Sweden Will Review EU Banking Union as Nordea Still Silent on HQBy
Sweden is planning to review the effects of the European banking union on its finance industry amid threats by its largest bank to leave for a country with less strict regulation.
Financial Markets Minister Per Bolund said in an interview with news agency TT that the government plans a “thorough” analysis, in part because of the U.K.’s planned exit from the European Union. The review could lead to Sweden joining the union, he said. Bolund’s spokeswoman, Anna Soderstrom, confirmed the comments.
The move comes as Nordea Bank AB, Scandinavia’s largest lender and its only global systemically important one, has threatened to move out of the country and after neighbor Denmark started a review on joining the union in a bid to make itself more attractive.
Nordea Chief Executive Officer Casper von Koskull said last week that the Stockholm-based lender may be better served by aligning itself more closely with Europe, specifically by being located in a country that’s a member of the banking union.
Nordea is considering both Denmark and Finland.

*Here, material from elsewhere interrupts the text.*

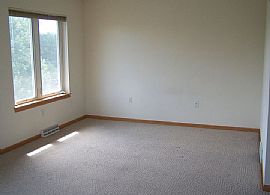 6105 White Pine Way, Fitchburg, Wi 53719 in Fitchburg, WI (Photo 7 of 11)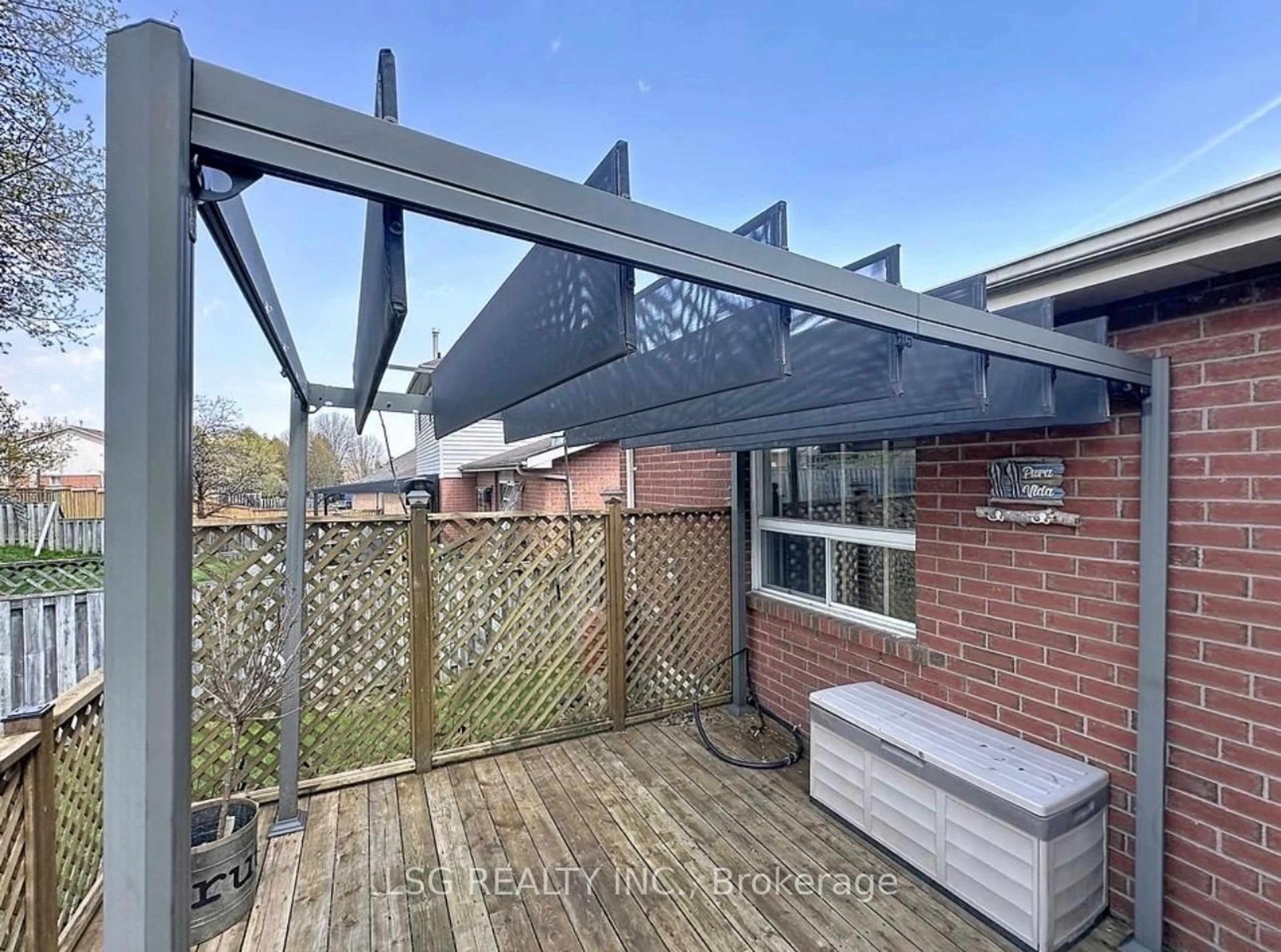 A pic from outside/outdoor area/front of a property/back of a property/a pic from drone, unknown for 34 South Balsam St, Uxbridge Ontario L9P 1V2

Governments in those countries say the bank is welcome. Finland is already member of the banking union. Denmark earlier this month set up a committee to review participation for a second time; a 2015 report recommended Denmark join.
Regulations in the Nordic region are generally stricter, helping ensure high credit ratings for its banks, S&P Global Ratings said in a report Monday. The ratings company said in the future regulations are likely to converge somewhat, but economic risks including high household debt mean Scandinavian supervisors will probably continue to be tougher.